§ ASSIGNMENT
Two lines in the listing below mark the span: one contains "MERCEDES-BENZ C 220" and one contains "Nissan Sentra Se Mt". Reproduce both of them and everything between, exactly.

§ GIVEN DATA
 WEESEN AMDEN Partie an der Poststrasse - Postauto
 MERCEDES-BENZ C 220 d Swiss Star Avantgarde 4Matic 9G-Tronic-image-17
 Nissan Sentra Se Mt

--

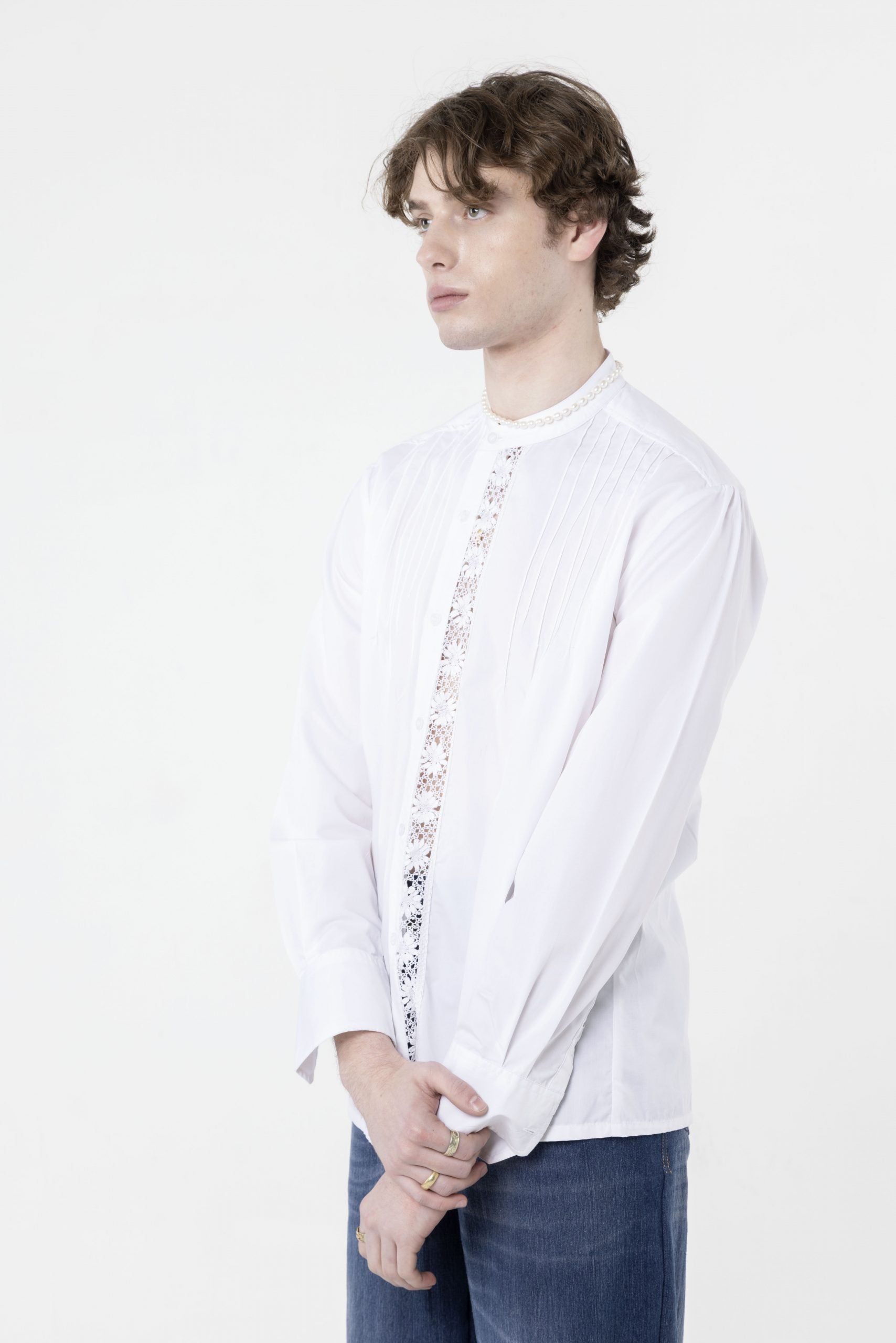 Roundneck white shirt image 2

==

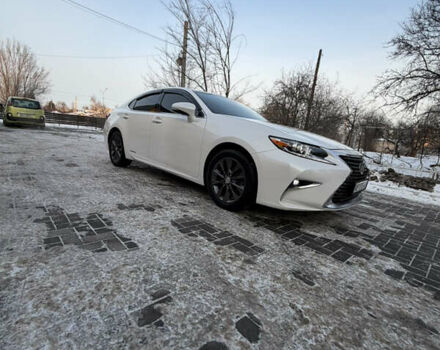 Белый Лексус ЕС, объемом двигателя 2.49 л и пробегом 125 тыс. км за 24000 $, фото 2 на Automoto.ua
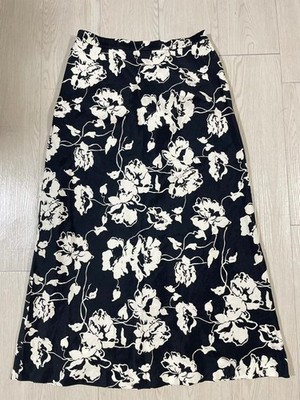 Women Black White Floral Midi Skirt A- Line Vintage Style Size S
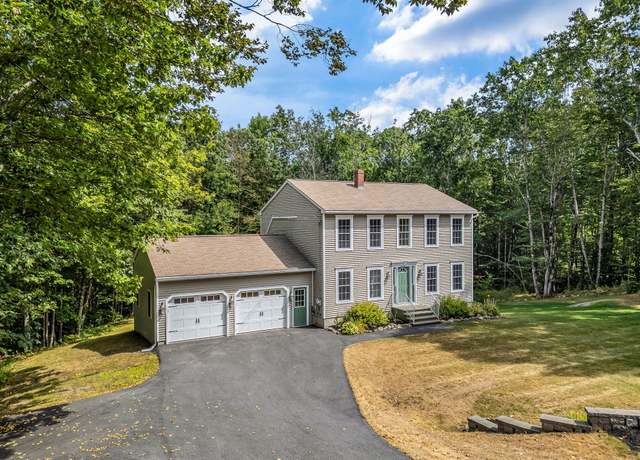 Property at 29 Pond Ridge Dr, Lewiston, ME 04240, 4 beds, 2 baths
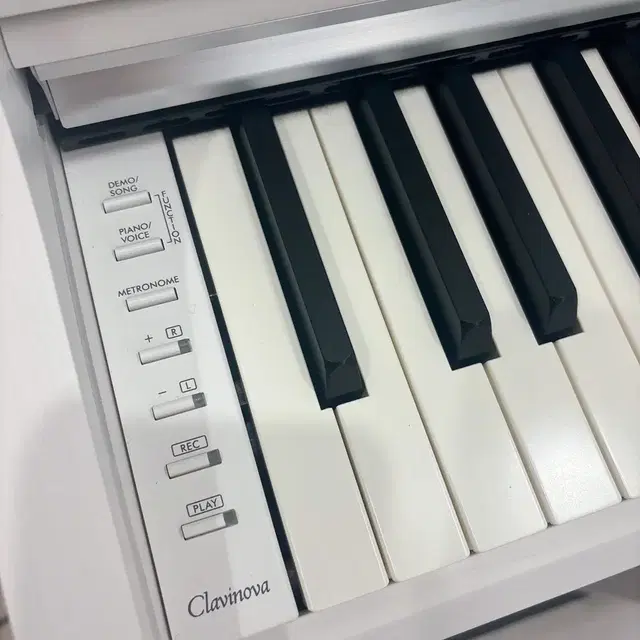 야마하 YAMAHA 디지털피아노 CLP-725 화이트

§ SOLUTION TO THIS PROBLEM
 MERCEDES-BENZ C 220 d Swiss Star Avantgarde 4Matic 9G-Tronic-image-17
 Nissan Sentra Se Mt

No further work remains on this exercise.